Nach all den Jahren muss ich die Bewegungsabläufe im Küchenbetrieb neu lernen. Wo stehen die Töpfe? Die Pfanne, wo ist die denn? Drehe ich mich rechts oder links herum? Ist oben oben oder eher doch nicht? Und - nicht zu vergessen - K., Max Freundin, deponiert Teller, wo ich sie nie vermutet hätte. Das alles kann alte Menschen wie mich überfordern.

Und dann sitze ich da und starre auf die neuen Oberflächen, Birke, zumindest von außen multiplexgeschichtet, dahinter Pressspan natürlich, aber doch alles sehr praktisch. Nicht, dass ich über die neue alte Küche jetzt ins Schwärmen geriete, noch überwiegt Ratlosigkeit, aber spätestens übermorgen werde ich mich daran gewöhnt haben.
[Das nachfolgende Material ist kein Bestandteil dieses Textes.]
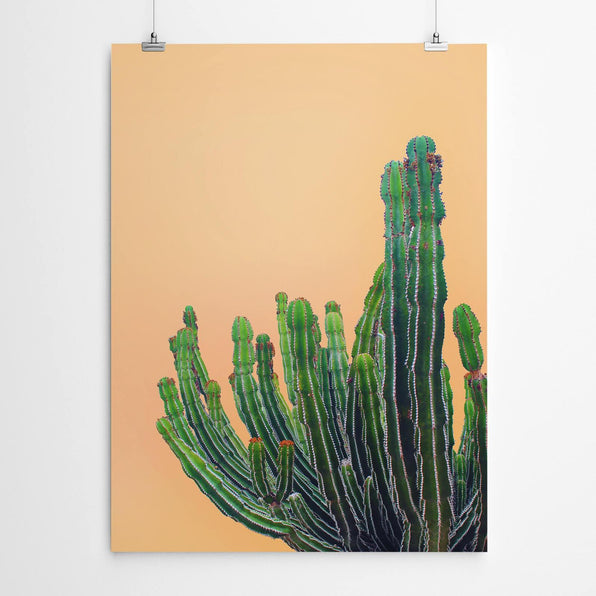 Artworld Wall Art Orange Cactus Art 68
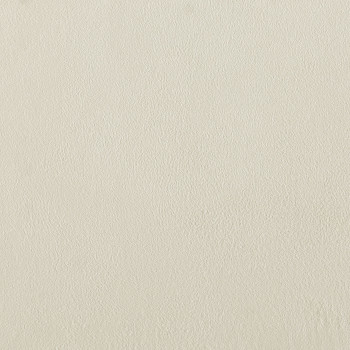 Cream Leather 209-000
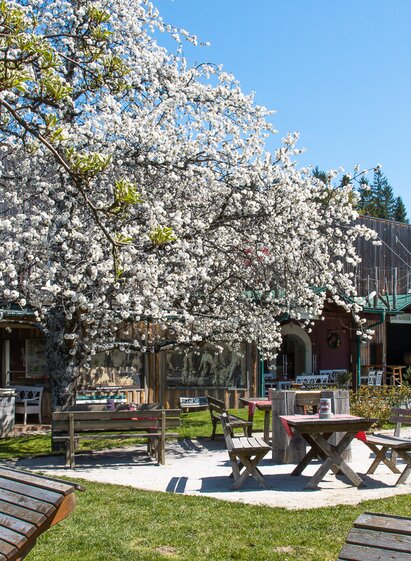 Besuch am Weingut und Winzerhotel Moser im Frühling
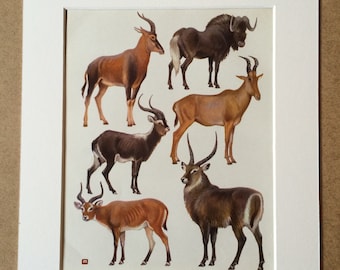 1968 Original Vintage Print - Mounted and Matted - Tsessebe, Wildebeest, Nile Lechwe, Hartebeest, Kob, Waterbuck - Available Framed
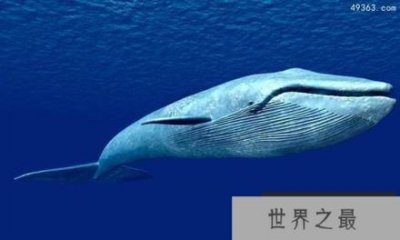 ​蓝鲸惨死漂浮海面可能被船撞死，蓝鲸要灭绝吗?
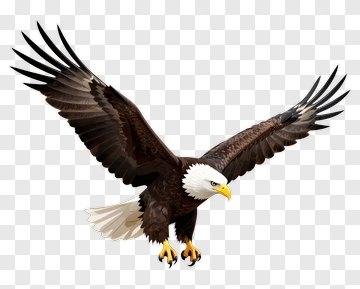 Bald Eagle In Flight PNG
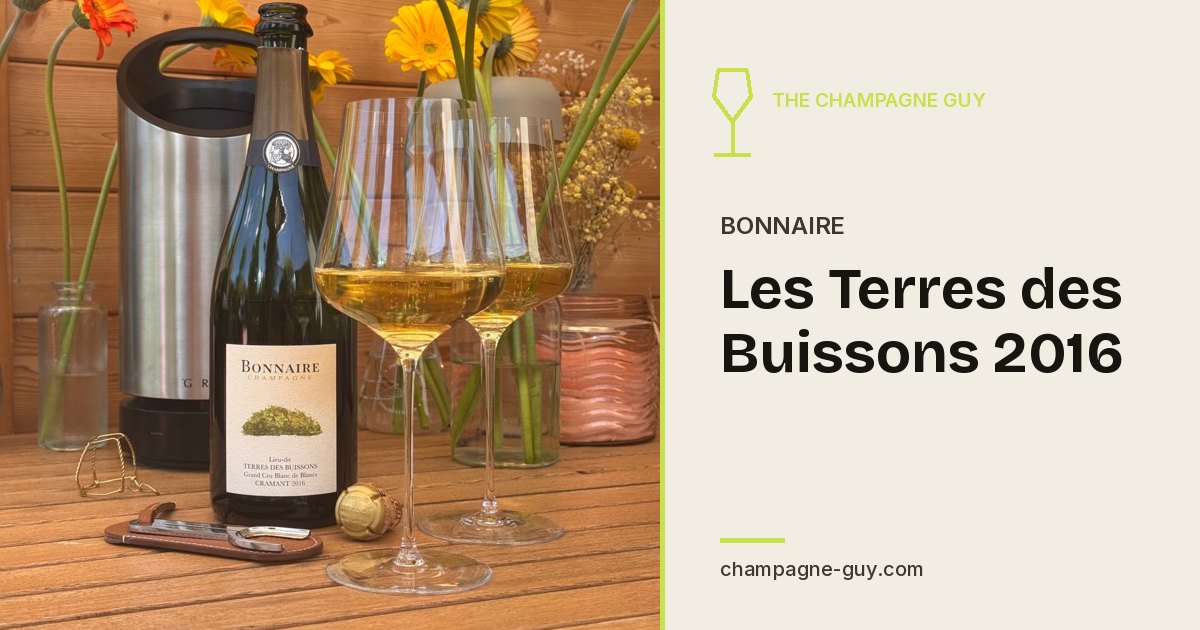 Bonnaire: Les Terres des Buissons 2016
Übrigens - noch etwas, das Sie nicht interessieren wird.
Seit letzter Woche rauche ich wieder Pfeife, ein Freund hatte mir eine Pfeife geschenkt. Ich habe Pfeife geraucht, als ich siebzehn war, und erinnere mich gut an diesen pelzigen Geschmack auf der Zunge. Den Tabak, den ich damals gern geraucht habe, gibt es auch immer noch. Jetzt, nach gut 10 Tagen, besitze ich schon drei Pfeifen. Mal sehn, wo das hinführt.


Fr 18.02.11 17:41

Die erste Aufgabe löste ein Schreiner für mich. Ich hatte eine Arbeitsplatte, ich wusste, wie lang sein werden sollte, der Rest kostete 5 Euro. Die zweite Aufgabe war komplizierter. Ich hatte einen Schrank mit den Außenmaßen 80 mal 60, auf dem besagte Arbeitsplatte ruhen sollte. Vorher aber wollte ich ein Brett schneiden, das als Einlegeboden den Innenraum des Schrankes in oben und unten unterteilt. Das Problem: der Schrank hat vorne einen Mittelholm und oben an der hinteren Seite ein quer eingesetzes Brett, auf dem die Arbeitsplatte liegt und von unten festgespaxt werden kann.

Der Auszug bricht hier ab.